§ **WHAT THE TASK ASKS**: Could you give again exactly, and only, the lines from the one holding "Comfort Inn & Suites Exterior" through the end of the data, both ends included, with pictures left out?

· · · · ·

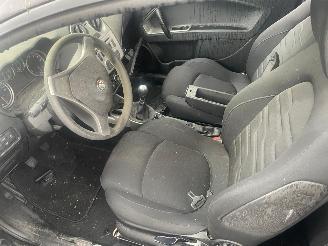 Alfa Romeo MiTo MiTo (955) Hatchback 1.4 (350.A.1000) [57kW] picture 2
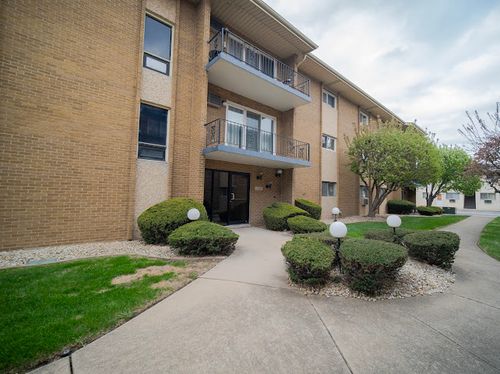 apt-302-10109 S Cicero Ave, Oak Lawn, IL, 60453-5811 | Card Image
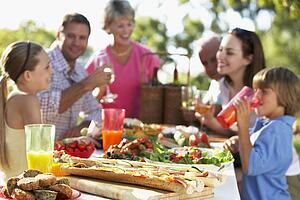 Family Dining Al Fresco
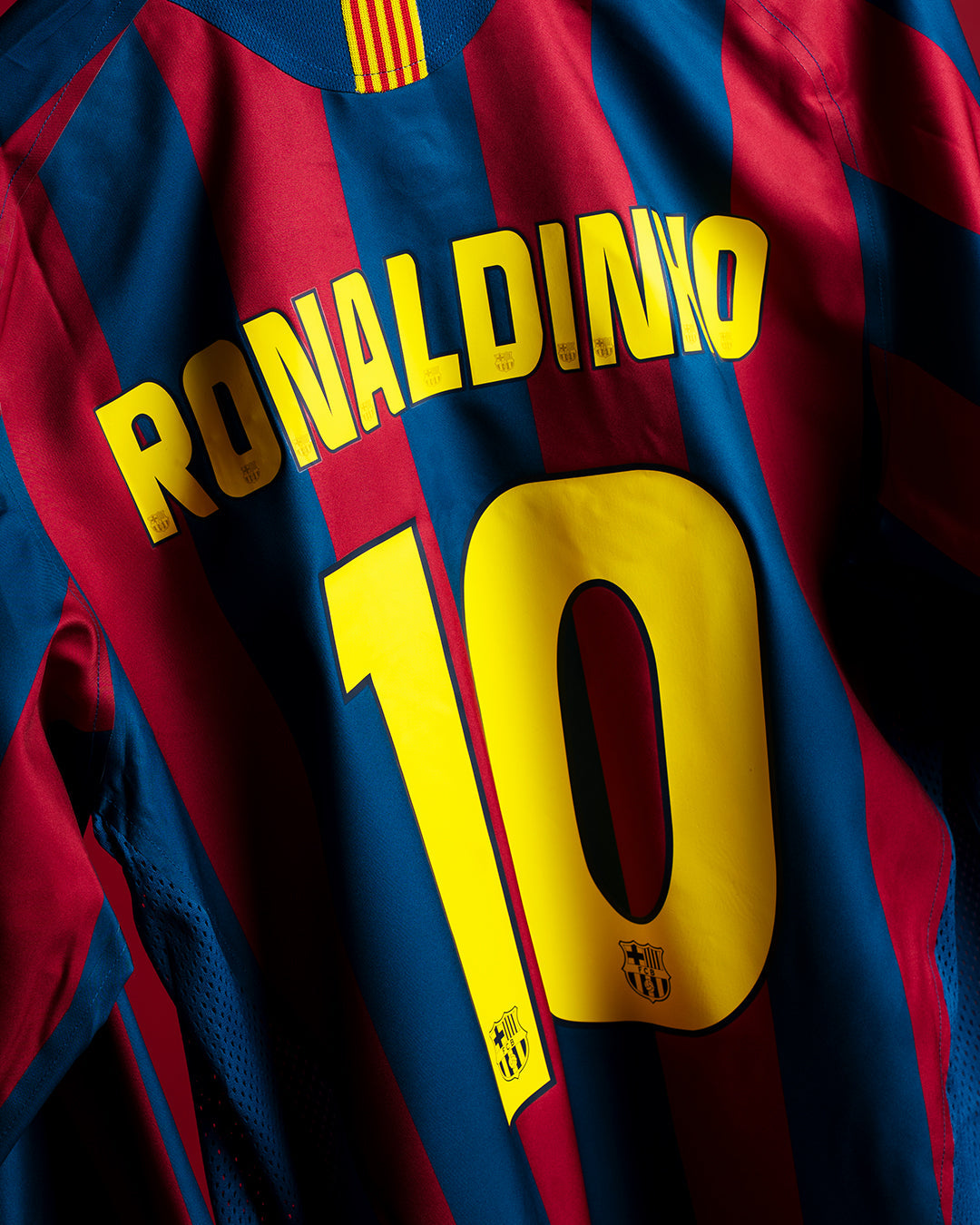 Barcelona 2005/06 Reissue Jersey - Ronaldinho #10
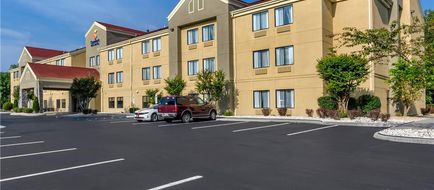 Comfort Inn & Suites Exterior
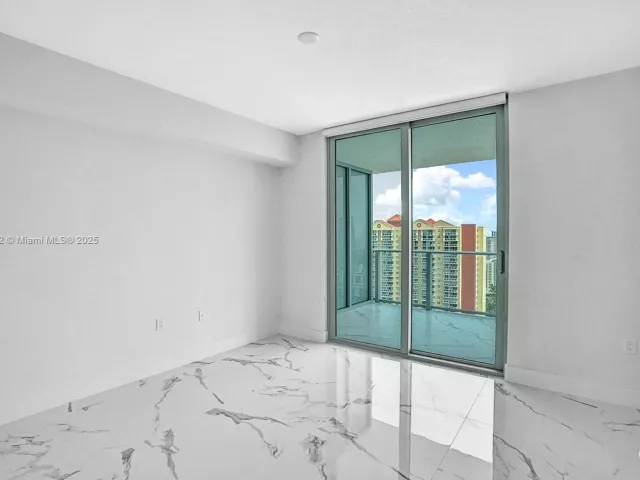 2-bedroom condo for sale in Sunny Isles Beach - 330 Sunny Isles Blvd 5-2205 - MondialRealty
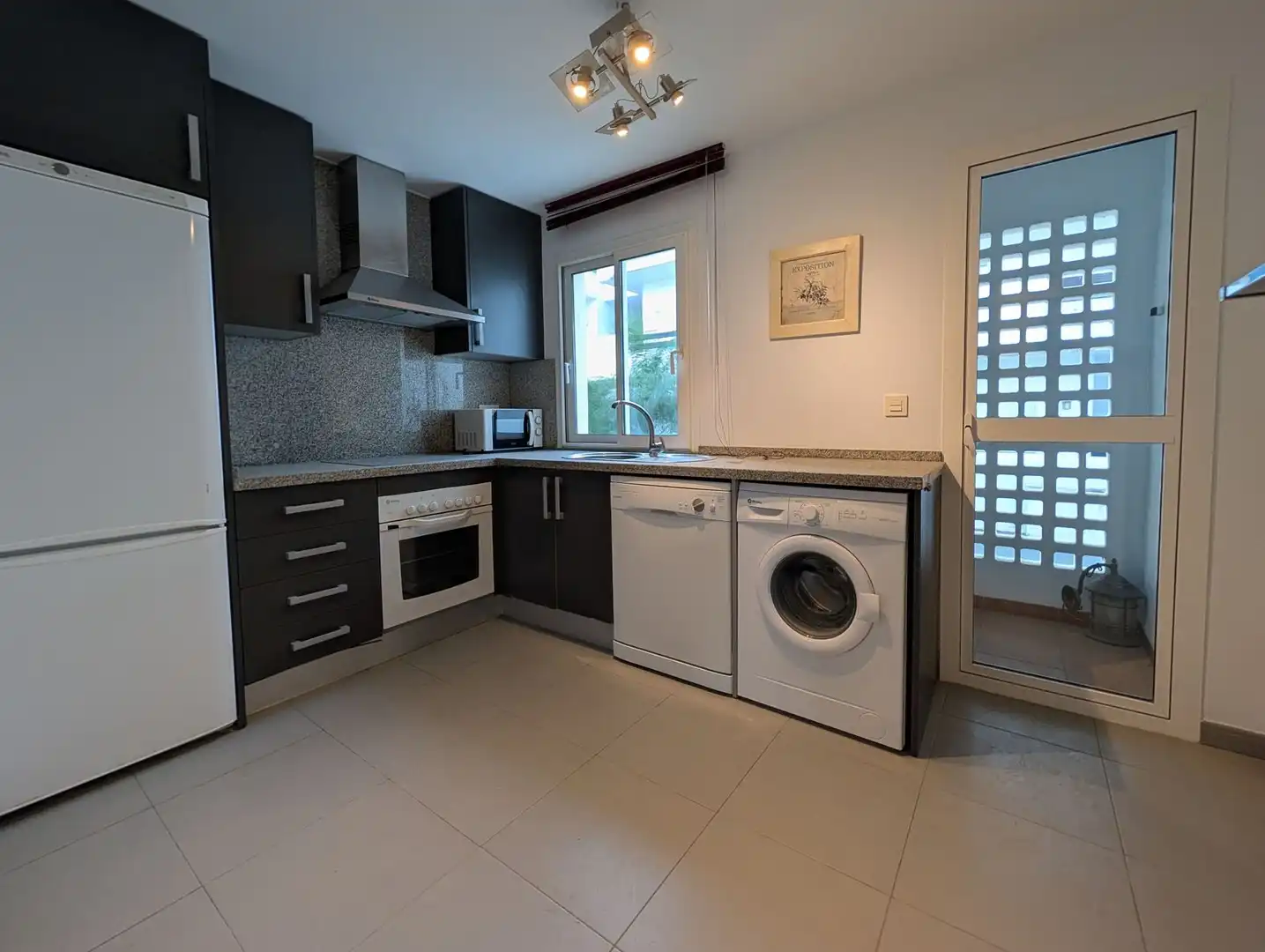Apartamento de alquiler en Villa Borghese, Valle Romano Golf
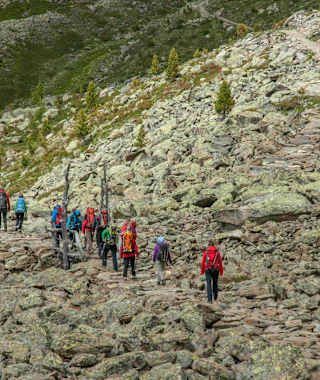 Durch wildes Blockgelände führt der Weg vom Kanzellift ins Zaytal.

· · · · ·

§ **OUTPUT BELOW**:
 Comfort Inn & Suites Exterior
 2-bedroom condo for sale in Sunny Isles Beach - 330 Sunny Isles Blvd 5-2205 - MondialRealty
Apartamento de alquiler en Villa Borghese, Valle Romano Golf
 Durch wildes Blockgelände führt der Weg vom Kanzellift ins Zaytal.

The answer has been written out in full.